This is a First Amendment retaliation case. Harrison contends Defendants fired her for sending an email containing speech protected by the First Amendment. (Am. Compl., Dkt. 13, at 6). In support, Harrison alleges the following background facts.

Harrison worked for the Texas Alcoholic Beverage Commission ("TABC") from 1990 until her termination on July 12, 2017. (Id. at 2). At the time of her termination, Harrison served as the Director of Licensing. (Id.).

After Texas Governor Greg Abbott appointed Lilly to serve as Commissioner and Chairman of the TABC in May 2017, Lilly attended a TABC-required training, which included information regarding conflicts of interest. (Id. at 2-3). After attending the training, Lilly contacted Harrison about his stock portfolio and how the term "reasonable" should be interpreted under the conflict-of-interest provision in the Texas Government Code. (Id. at 3). Harrison replied that "advising him on conflicts of interest and statutory code interpretation . . . was beyond the scope of her role as licensing director." (Id.). She advised Lilly to seek advice from an attorney.

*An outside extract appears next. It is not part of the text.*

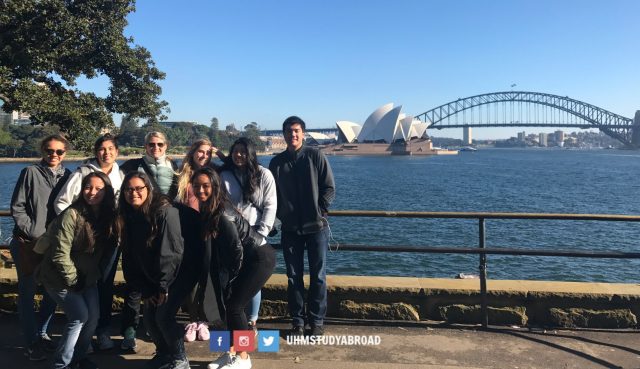 Photograph of a group of University of Hawaii at Manoa Faculty-Sponsored Study Tours students in Sydney, Australia, with the Sydney Opera House in the background.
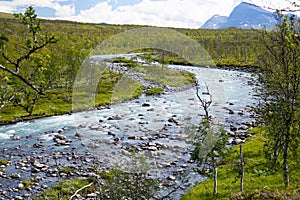 A wild, turbulent mountain river in the Sarek National Park, Sweden.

Later that day, Lilly emailed a list of his personal stock holdings to Harrison and the TABC's general counsel, Emily Helm ("Helm"). (Id.). When Harrison received Lilly's email, she "compared the list sent by [Lilly] to entities licensed by the TABC, discovered that there was an overlap between the two and concluded that at least in her nonlegal opinion [Lilly's] stockholdings could potentially constitute violations of the Texas Alcoholic Beverage Code, the Texas Government Code, and the Texas Penal Code." (Id.). After determining that a conflict of interest might exist, Harrison "felt that she had a civic duty" to notify Helm and her boss, TABC executive director, Ed Swedberg ("Swedberg") regarding her concerns. (Id.). She also discussed the possibility of a conflict of interest with Lilly directly. (Id. at 3-4). Harrison alleges that her superiors did not ask her to perform a conflict check, and that "such conflict checks and analyses were never part of her job duties." (Id. at 3). She further alleges that her communications with Helm "were made outside of her chain of command." (Id. at 4).

After reviewing the information provided by Harrison, Helm emailed Lilly "outlining the reasons why his personal stock holdings might constitute violations of the statutes." (Id. at 3). Less than a month later, Lilly told Helm that TABC was "going in a new direction." (Id. at 4). Lilly gave Helm the opportunity to resign, but informed her that if she refused, he would initiate an open TABC meeting to discuss her future employment. (Id.). Helm resigned. (Id.).

That same day, Harrison learned that TABC also planned to terminate her. (Id.). In a meeting with Swedberg, Harrison asked about her future employment status, and Swedberg told her "not to worry about it and to enjoy the upcoming Fourth of July weekend." (Id.). When Harrison returned from the holiday weekend, Swedberg informed her that she "could work through the end of August and then retire." (Id.). Harrison told Swedberg she had not planned on retiring at that time. (Id.).

The following day, Saenz told Harrison that she "needed to ask [Swedberg] to terminate her because [Swedberg's] principles were preventing him from doing so on his own." (Id.). Saenz also explained that Swedberg's principles would soon serve no barrier to her termination. (Id.) If Swedberg failed to terminate Harrison, Saenz said he would take Swedberg's position as executive director and terminate her himself because "principles don't pay [the] bills." (Id.).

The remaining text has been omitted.